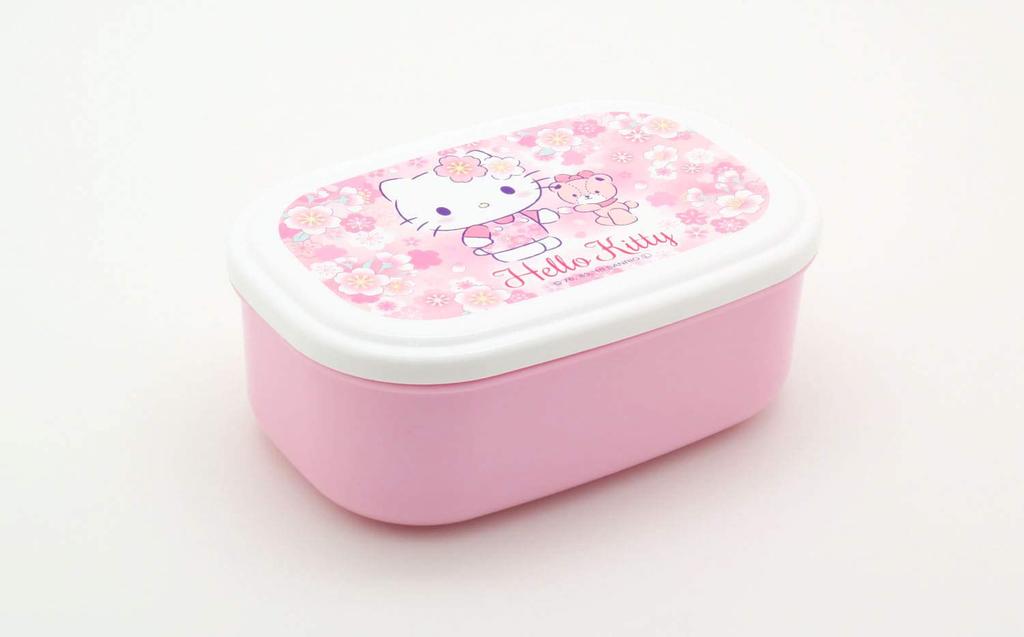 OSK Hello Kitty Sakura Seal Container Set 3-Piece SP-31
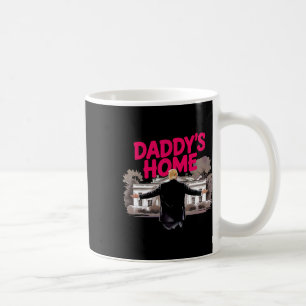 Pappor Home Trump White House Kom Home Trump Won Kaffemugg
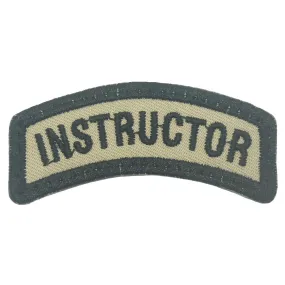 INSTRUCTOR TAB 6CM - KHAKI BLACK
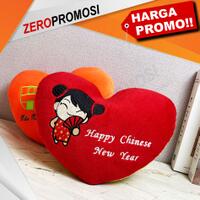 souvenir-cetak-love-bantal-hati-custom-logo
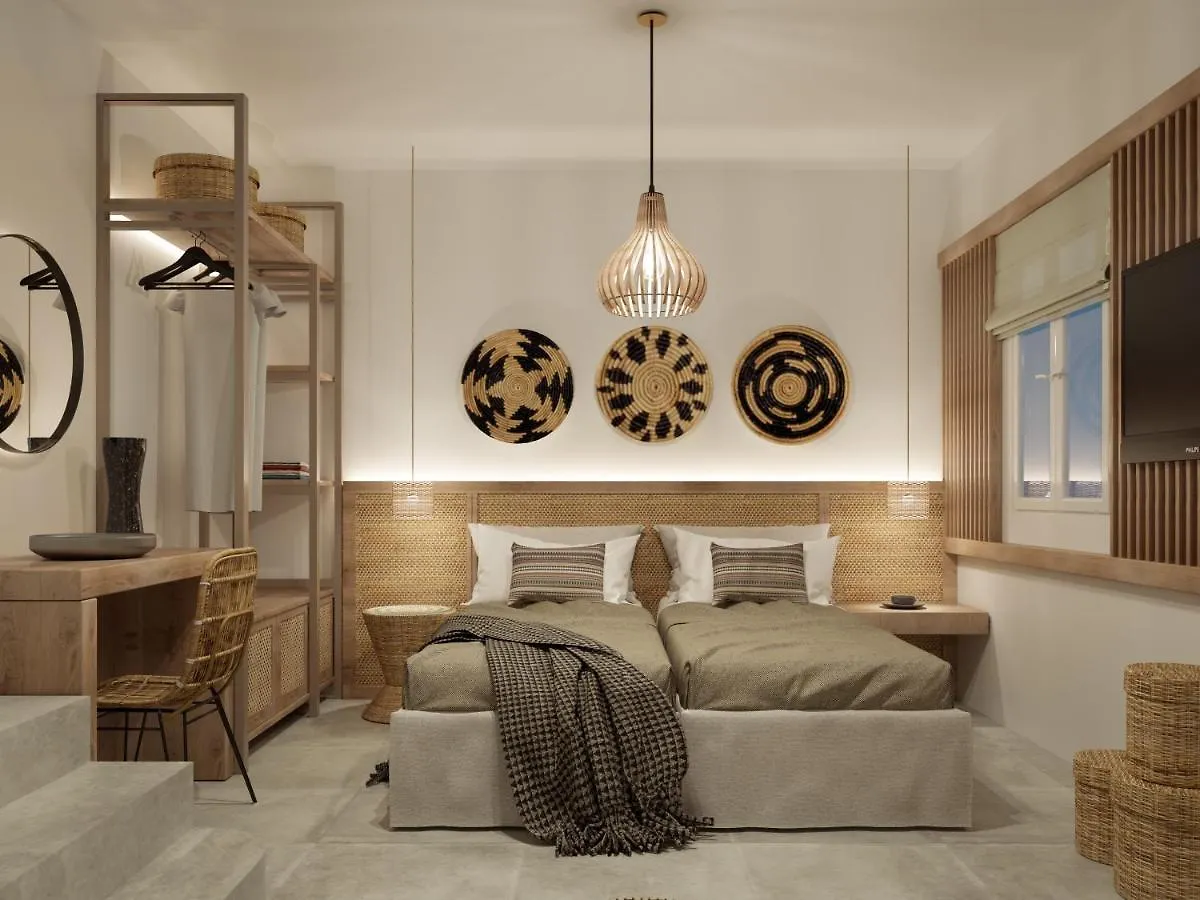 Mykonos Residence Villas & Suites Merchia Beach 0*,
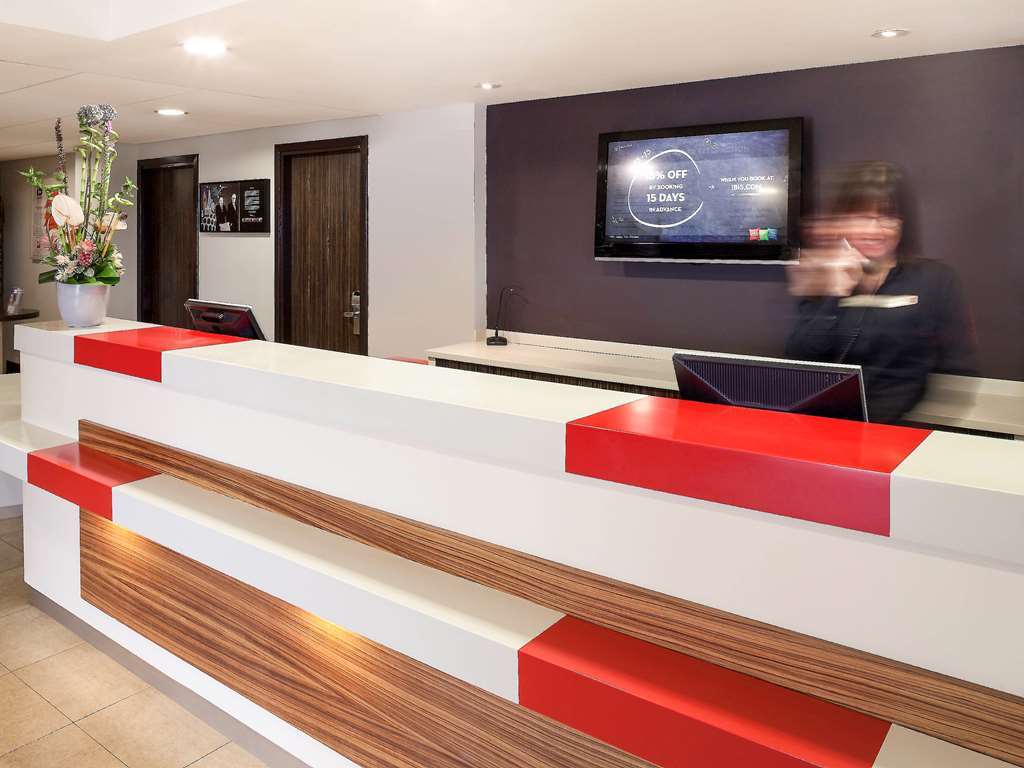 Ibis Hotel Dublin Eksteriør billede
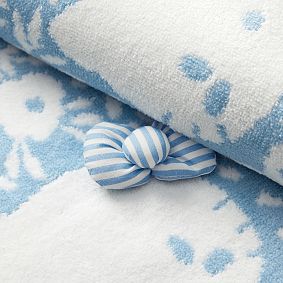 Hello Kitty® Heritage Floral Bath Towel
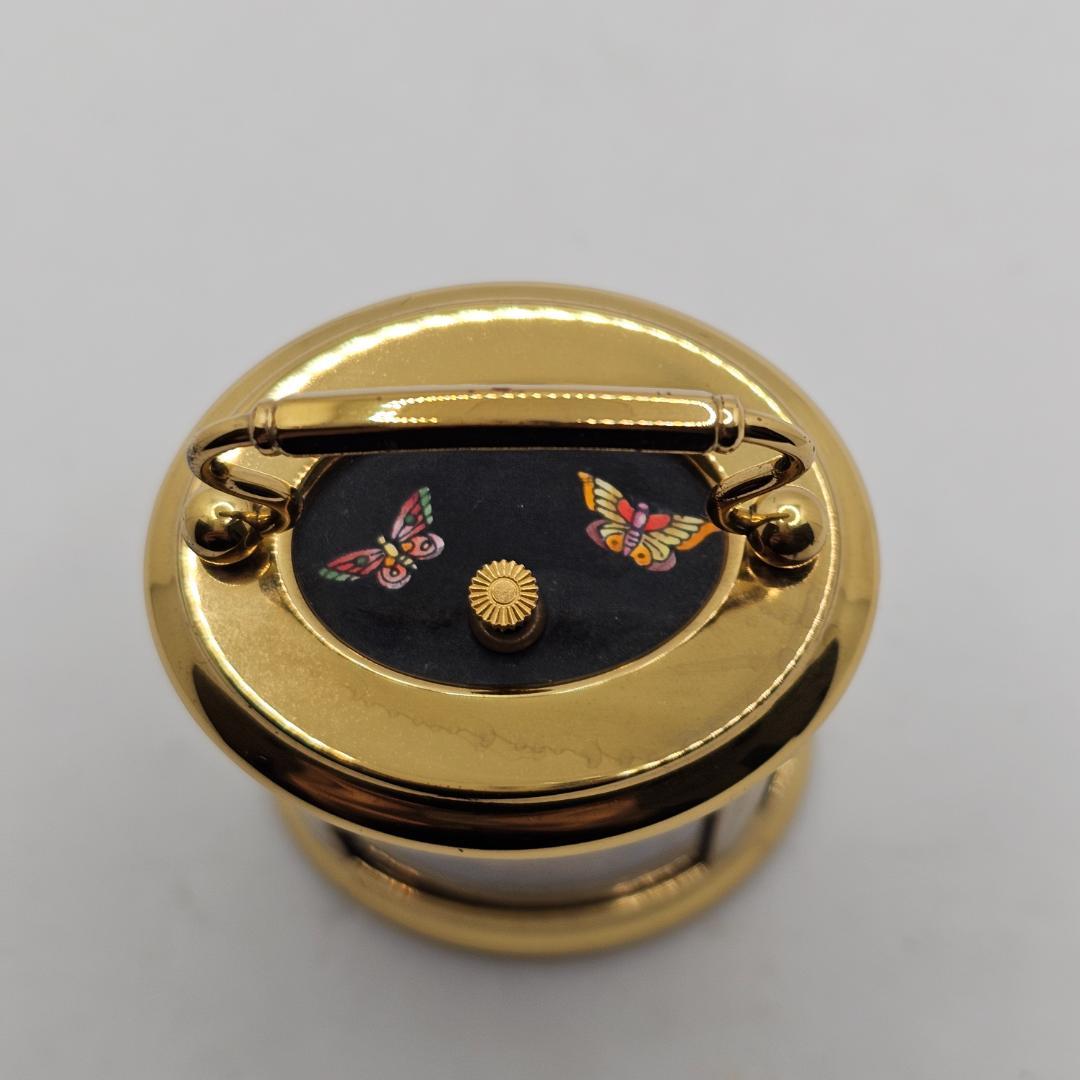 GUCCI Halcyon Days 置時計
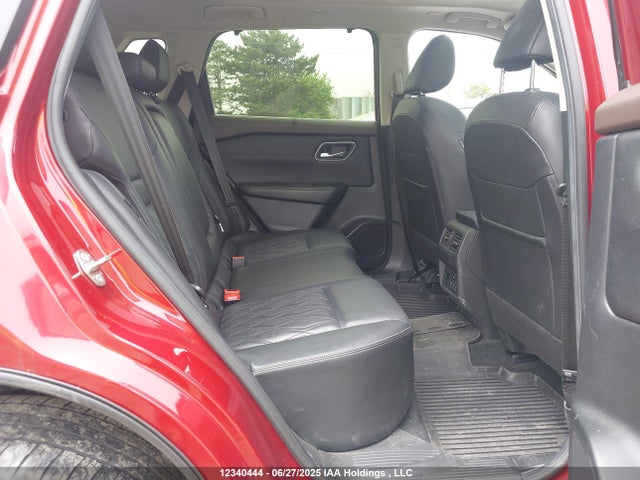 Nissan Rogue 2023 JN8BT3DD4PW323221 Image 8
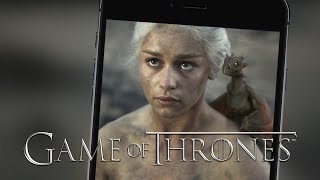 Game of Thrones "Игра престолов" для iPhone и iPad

________

#### GOAL OF THE EXERCISE
Reproduce nothing but the lines that run from the line containing "souvenir-cetak-love-bantal-hati-custom-logo" through the last line of the records, inclusive. Omit the pictures.

#### RESPONSE TO THIS TASK
 souvenir-cetak-love-bantal-hati-custom-logo
 Mykonos Residence Villas & Suites Merchia Beach 0*,
 Ibis Hotel Dublin Eksteriør billede
 Hello Kitty® Heritage Floral Bath Towel
 GUCCI Halcyon Days 置時計
 Nissan Rogue 2023 JN8BT3DD4PW323221 Image 8
 Game of Thrones "Игра престолов" для iPhone и iPad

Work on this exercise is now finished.